Résumé de la décision
La Cour de cassation a été saisie d'un pourvoi formé par la Caisse régionale de crédit agricole mutuel des Vosges contre un arrêt de la cour d'appel de Colmar, daté du 29 avril 1998. Cet arrêt avait jugé que l'obligation invoquée par la Caisse à l'appui de sa demande de provision en référé contre Mme Violette Y... était sérieusement contestable. La Cour de cassation a rejeté le pourvoi, confirmant ainsi la décision de la cour d'appel et condamnant la Caisse aux dépens, tout en rejetant la demande de Mme Y... sur le fondement de l'article 700 du nouveau Code de procédure civile.
Arguments pertinents
Les arguments clés de la décision se concentrent sur l'appréciation souveraine des faits par la cour d'appel. La Cour de cassation a souligné que le moyen de la Caisse ne visait qu'à remettre en cause cette appréciation, sans apporter d'éléments nouveaux ou de preuves suffisantes pour contester la décision de la cour d'appel. La Cour a affirmé :
> "l'existence de l'obligation invoquée par la Caisse régionale de crédit agricole mutuel des Vosges à l'appui de la demande de provision formée en référé contre Mme Y... était sérieusement contestable."
Cela indique que la cour d'appel avait des raisons valables de douter de la validité de l'obligation, ce qui a conduit à la décision de rejeter la demande de provision.
Interprétations et citations légales
Dans cette décision, la Cour de cassation a appliqué le principe de l'appréciation souveraine des juges du fond, qui est un fondement essentiel du droit français.
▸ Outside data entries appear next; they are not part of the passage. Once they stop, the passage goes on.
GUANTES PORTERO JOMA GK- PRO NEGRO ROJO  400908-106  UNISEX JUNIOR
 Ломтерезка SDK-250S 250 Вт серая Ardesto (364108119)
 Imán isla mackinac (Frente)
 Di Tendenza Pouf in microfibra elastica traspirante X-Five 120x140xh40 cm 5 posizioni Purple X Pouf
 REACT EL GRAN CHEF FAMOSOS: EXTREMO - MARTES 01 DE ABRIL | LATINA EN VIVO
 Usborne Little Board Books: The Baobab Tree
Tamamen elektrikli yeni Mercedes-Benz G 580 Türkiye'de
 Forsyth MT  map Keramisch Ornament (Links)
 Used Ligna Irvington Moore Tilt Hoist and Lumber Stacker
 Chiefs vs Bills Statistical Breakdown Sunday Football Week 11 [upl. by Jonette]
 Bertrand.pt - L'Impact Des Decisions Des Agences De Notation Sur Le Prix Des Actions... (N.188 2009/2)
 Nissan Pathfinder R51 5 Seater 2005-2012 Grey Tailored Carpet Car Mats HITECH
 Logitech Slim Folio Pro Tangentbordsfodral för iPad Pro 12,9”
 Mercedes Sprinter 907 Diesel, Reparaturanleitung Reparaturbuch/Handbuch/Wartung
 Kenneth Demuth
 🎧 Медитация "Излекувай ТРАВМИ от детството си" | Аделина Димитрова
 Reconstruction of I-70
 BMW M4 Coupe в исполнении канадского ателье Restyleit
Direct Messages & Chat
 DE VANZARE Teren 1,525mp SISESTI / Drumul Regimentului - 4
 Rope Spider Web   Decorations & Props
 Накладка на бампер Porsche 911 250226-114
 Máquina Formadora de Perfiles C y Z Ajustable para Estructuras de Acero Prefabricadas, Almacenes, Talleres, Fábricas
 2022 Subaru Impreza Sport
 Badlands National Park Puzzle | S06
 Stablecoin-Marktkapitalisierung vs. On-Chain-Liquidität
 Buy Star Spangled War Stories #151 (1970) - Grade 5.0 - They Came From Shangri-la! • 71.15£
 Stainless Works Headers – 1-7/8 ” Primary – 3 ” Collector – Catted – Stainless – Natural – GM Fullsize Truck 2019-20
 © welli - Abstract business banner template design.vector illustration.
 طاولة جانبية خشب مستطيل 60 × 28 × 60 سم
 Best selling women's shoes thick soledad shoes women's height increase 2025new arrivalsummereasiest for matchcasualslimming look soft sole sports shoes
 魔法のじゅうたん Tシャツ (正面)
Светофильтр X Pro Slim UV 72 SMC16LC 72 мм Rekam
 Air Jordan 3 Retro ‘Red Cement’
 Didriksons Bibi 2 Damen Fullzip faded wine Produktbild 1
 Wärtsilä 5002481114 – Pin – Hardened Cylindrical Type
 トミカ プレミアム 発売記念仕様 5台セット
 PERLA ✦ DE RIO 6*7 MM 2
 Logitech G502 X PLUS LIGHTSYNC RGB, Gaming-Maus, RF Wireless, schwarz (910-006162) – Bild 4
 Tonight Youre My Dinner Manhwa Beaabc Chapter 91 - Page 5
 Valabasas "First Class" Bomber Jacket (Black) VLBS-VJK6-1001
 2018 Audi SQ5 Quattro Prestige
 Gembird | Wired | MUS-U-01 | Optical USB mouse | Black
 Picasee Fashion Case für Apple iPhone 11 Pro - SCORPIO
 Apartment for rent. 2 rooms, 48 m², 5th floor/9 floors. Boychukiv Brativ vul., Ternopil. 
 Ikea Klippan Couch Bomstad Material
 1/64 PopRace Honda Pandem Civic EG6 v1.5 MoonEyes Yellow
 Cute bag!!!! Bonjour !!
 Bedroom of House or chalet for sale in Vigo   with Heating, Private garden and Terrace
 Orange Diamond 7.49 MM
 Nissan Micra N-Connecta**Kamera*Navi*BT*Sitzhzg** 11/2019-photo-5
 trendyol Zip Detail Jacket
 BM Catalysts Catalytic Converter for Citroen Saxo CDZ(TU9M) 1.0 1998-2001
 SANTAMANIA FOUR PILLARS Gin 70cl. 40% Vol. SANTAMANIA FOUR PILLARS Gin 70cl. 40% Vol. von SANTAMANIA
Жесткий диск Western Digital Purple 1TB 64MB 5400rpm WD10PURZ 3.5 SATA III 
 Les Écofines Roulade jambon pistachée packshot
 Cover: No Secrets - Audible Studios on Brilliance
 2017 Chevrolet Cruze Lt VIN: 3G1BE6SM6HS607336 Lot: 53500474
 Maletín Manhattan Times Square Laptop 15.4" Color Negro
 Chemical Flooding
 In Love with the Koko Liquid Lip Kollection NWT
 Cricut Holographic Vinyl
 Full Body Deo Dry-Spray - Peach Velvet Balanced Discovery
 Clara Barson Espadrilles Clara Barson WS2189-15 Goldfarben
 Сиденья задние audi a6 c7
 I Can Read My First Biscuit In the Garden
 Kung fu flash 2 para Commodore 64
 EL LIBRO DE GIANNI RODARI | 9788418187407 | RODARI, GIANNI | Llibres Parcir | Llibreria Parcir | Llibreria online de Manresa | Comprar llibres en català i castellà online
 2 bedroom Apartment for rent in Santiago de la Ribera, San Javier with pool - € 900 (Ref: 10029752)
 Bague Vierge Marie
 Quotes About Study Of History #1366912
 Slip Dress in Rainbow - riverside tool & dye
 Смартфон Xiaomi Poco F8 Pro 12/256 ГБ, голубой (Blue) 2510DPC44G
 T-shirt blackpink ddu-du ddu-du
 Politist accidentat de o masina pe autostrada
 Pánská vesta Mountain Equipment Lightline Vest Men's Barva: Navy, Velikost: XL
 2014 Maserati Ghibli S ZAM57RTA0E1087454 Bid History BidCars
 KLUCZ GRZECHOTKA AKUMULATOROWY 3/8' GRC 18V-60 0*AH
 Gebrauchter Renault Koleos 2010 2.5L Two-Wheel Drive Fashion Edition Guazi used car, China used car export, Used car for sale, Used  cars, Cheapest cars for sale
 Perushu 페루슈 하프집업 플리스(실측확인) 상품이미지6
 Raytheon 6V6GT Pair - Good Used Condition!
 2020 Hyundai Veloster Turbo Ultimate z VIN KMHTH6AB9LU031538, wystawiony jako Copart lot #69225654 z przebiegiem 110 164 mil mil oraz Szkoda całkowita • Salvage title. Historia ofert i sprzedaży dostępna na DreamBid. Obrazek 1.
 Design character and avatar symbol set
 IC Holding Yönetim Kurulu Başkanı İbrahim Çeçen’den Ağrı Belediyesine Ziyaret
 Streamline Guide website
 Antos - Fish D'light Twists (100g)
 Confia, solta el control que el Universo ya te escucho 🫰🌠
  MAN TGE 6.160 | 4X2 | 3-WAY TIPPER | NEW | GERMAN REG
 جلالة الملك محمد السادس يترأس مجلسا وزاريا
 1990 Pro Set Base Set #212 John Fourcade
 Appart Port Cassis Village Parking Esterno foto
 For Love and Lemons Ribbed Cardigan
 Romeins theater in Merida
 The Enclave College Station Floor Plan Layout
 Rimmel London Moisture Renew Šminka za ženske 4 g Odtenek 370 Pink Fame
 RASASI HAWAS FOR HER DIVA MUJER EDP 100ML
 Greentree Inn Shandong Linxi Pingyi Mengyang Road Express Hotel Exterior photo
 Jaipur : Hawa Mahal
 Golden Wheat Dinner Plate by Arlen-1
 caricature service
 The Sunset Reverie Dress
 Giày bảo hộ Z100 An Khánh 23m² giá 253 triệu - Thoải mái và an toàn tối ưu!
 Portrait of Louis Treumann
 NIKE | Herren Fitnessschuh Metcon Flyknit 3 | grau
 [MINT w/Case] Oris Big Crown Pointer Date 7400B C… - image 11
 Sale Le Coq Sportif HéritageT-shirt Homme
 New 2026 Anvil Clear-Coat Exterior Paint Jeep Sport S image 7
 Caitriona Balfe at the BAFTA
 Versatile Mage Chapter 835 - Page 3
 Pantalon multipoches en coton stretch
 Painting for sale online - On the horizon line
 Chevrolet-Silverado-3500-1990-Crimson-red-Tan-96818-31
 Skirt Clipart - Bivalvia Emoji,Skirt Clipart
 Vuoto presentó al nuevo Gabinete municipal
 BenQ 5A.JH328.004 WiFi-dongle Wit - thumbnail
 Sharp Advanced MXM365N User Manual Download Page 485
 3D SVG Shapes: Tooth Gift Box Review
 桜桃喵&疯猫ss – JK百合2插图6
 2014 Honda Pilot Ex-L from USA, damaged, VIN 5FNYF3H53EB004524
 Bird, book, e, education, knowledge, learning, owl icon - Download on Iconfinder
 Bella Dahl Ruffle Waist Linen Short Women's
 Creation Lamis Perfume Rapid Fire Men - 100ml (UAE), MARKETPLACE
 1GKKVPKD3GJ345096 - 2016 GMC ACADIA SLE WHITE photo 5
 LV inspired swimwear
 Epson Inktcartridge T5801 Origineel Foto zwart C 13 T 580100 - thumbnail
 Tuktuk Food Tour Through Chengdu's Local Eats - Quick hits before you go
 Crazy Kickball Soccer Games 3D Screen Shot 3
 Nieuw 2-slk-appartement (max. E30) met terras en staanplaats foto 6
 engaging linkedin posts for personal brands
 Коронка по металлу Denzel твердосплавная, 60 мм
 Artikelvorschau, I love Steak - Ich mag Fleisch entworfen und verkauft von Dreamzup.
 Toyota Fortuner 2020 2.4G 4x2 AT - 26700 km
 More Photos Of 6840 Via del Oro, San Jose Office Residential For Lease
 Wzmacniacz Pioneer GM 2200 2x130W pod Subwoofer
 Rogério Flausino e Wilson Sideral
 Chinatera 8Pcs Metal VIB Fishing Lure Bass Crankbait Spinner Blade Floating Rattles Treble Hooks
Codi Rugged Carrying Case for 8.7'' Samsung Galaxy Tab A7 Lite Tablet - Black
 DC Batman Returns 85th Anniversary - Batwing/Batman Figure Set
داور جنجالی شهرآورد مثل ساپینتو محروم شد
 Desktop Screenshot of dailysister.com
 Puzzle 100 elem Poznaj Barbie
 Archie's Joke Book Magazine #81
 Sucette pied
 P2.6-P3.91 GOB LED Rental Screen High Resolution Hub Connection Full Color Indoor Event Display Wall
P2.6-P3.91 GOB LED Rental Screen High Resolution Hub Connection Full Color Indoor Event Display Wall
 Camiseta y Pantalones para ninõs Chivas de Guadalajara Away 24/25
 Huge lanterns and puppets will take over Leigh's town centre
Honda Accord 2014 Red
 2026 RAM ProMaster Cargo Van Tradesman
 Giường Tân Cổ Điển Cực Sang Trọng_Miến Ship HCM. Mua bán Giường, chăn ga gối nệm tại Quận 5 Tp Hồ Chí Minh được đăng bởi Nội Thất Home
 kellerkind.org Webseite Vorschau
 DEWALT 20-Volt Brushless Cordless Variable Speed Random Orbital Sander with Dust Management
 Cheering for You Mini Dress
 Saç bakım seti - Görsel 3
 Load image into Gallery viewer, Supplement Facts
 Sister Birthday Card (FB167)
Ce principe est souvent cité dans les décisions de la Cour de cassation pour rappeler que les juges d'appel ont la compétence exclusive pour évaluer les faits et les preuves.
L'article pertinent du Code de procédure civile qui peut être cité ici est :
- Code de procédure civile - Article 512 : Cet article stipule que le juge peut accorder des mesures provisoires, mais que celles-ci doivent être fondées sur des éléments suffisamment établis. La cour d'appel a jugé que, dans ce cas, l'obligation n'était pas suffisamment prouvée, ce qui a conduit à l'absence de fondement pour la demande de provision.
En conclusion, la décision de la Cour de cassation illustre l'importance de l'appréciation des faits par les juges du fond et rappelle que les demandes de mesures provisoires doivent être soutenues par des éléments probants clairs et non contestables.